Ma la conquista nella
quale ho impegnato tutto me stesso - la più ardua - è stata quella della
libertà di assentire.
Io volevo lo stato in cui ero; durante gli
anni in cui dipesi dagli altri, la mia sottomissione perdeva il suo contenuto
amaro, e persino indegno, se mi adattavo a considerarla un esercizio utile. Ciò
che avevo, ero stato io a sceglierlo costringendomi soltanto a possederlo
totalmente, e ad assaporarlo quanto più possibile.
I lavori più aridi li
eseguivo agevolmente, solo che mi sforzassi a prenderci gusto. Se un soggetto
mi ripugnava, ne facevo argomento di studio; avevo l'accortezza di ricavarne
motivo di gioia.

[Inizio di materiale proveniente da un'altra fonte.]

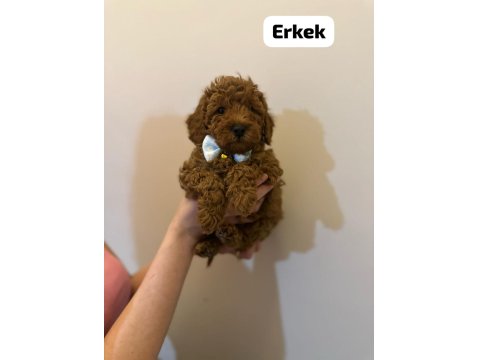 Toy Poodle Köpekler Gönderim Var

Di fronte a un caso imprevisto, o disperato, un’imboscata, un
fortunale - una volta prese tutte le misure concernenti gli altri - facevo del
mio meglio per rallegrarmi del caso, per godere dell'imprevisto che mi si
offriva, e l'imboscata o la tempesta s'inserivano senza fatica nei miei
progetti o nei miei sogni.
Persino immerso nella
sciagura più tremenda, ho percepito l'istante in cui lo sfinimento le sottraeva
un poco del suo orrore, in cui la facevo mia
accettando di accettarla.
E in questo modo, con
un misto di riserva e di audacia, di sottomissione e di rivolta ben concertate,
di esigenze estreme e di concessioni prudenti, ho finito per accettare me
stesso.
Marguerite
Yourcenar (1903-1987), Memorie
di Adriano [1951], Milano 1981, p. 42-43.